Here are Maque Choux tidbits gleaned from an entertaining article “This Cajun Corn Dish Screams ‘Summer,’ by Gabrielle Hamilton, in The New York Times, June 17, 2020, together with my usual Internet sleuthing.
Gabrielle writes, “I’m married to a restaurant chef. A competitive chef. An efficient chef…. And the sorry fact that she no longer has a job and now does all her cheffing in our home on a comparatively miniature domestic scale doesn’t mean she has gone slack or lost her muscle. She is still 100 percent thoroughbred Chef. Which is like living in a Fisher-Price Play Family Farm with an actual 1300-pound chestnut mare.”
Gabrielle goes on to describe how an approaching-its-shelf-life red bell pepper and several cooked corn-on-the-cobs led to her Maque Choux. Upon consulting other Internet variations, my Maque Choux tones down on hot peppers, cheats with frozen corn, and is topped with shrimp.
The trick in Gabrielle’s and other Maque Choux recipes depends on having, she says, “sweated each ingredient in stages, along the way, with a final brief simmering together that resulted in a colorful, sweet, hot, juicy, milky, buttery perfection.”
A Little Bacon Never Hurts. Heat some bacon in a large skillet. (I partially freeze a pound of bacon, divide it into 1-in. chunks, and freeze the chunks in baggies for this purpose.)
Save the crispy bacon bits for mixing in at the end. Pour off all but some of the fat, and add 2 Tablespoons of butter.
Onion, Celery, and Garlic. Cut the onion and celery into small dice (about the size of a corn kernel).
Heat the butter and fat until just foaming, and sauté the onion and celery.
After a few minutes, add 1 teaspoon of minced garlic and a couple pinches of salt. Continue stirring until the mixture is softened and translucent, maybe six minutes total.
Peppers, Bell and Other. Core and seed a red bell pepper and cut it into small dice. Actually, I buy a bag of small bell peppers of various hue. Maybe four or five of them equals one large bell pepper. To this, I add a small can of Ortega mild diced green chiles, drained.
Combine peppers, together with 1 more Tablespoon of butter, into the pan. Continue stirring, with a couple more pinches of salt. In four, five minutes, the pepper pieces will become translucent.
Adding the Corn. This is where Maque Choux purists shuck perhaps three ears of corn and shave the kernels (and their milk) with a sharp knife. Me? I pour maybe 10 oz. of frozen corn from a bag in the freezer.
Add the corn and a Tablespoon slice of butter to the mixture. Stir to combine everything.
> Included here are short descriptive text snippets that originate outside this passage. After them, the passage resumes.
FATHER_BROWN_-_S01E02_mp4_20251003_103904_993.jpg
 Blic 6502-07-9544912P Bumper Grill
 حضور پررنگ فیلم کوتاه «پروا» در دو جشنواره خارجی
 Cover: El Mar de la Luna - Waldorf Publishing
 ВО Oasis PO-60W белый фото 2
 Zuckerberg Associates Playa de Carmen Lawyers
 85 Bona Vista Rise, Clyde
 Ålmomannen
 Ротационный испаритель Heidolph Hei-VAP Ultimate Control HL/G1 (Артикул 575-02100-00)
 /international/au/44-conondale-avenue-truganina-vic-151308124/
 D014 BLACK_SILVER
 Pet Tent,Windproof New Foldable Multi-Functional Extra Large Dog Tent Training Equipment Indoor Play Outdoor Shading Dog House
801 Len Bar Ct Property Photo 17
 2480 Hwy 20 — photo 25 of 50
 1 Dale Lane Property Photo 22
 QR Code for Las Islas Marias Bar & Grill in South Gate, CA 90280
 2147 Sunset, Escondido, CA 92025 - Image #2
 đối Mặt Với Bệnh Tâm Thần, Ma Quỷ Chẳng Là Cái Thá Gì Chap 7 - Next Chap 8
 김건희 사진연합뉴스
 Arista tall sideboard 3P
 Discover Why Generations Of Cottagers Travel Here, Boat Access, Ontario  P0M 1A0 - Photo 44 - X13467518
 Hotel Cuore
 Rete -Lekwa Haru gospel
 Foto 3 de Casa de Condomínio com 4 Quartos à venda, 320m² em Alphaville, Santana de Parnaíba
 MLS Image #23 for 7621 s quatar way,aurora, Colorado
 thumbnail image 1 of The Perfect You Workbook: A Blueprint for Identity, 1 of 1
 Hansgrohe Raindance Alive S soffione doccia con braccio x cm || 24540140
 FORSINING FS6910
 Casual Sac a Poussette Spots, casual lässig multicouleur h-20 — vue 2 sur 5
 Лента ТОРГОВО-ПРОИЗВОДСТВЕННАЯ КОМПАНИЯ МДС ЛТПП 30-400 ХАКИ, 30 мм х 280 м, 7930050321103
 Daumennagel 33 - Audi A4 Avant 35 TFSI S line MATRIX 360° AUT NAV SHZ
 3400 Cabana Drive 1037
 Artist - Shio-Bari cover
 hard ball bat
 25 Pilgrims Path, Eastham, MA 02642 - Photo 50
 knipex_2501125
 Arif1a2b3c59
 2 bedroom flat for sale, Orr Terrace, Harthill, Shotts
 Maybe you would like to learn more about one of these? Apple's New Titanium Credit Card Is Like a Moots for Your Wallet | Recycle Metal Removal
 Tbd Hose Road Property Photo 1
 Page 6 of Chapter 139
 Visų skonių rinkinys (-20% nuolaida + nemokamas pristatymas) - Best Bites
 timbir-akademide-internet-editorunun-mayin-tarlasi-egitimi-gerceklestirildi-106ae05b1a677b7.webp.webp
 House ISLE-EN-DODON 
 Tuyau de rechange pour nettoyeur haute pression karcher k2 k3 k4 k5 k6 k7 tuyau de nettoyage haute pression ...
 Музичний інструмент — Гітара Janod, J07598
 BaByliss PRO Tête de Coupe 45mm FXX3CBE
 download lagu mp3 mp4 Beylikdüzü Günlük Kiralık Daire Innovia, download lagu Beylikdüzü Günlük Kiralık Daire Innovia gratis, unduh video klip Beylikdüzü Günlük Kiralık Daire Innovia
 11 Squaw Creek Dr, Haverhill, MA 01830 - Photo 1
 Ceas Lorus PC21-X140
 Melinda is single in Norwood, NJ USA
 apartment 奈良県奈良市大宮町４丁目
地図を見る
The Final Steaming/Shallow Braising. After a few tosses, this mixture starts to hiss. At this point, add 1/4 cup of water and some black pepper, and put a lid on the pan for a few minutes. This encourages the corn kernels to give off their liquid and the rest of the flavors to merge.
Gabrielle says it’s okay to peek: “You will notice a general softening and melding together. Return the lid, and let cook a few more minutes, noticing the water evaporating and the remaining liquid reducing and gaining some ‘body’ and gloss.”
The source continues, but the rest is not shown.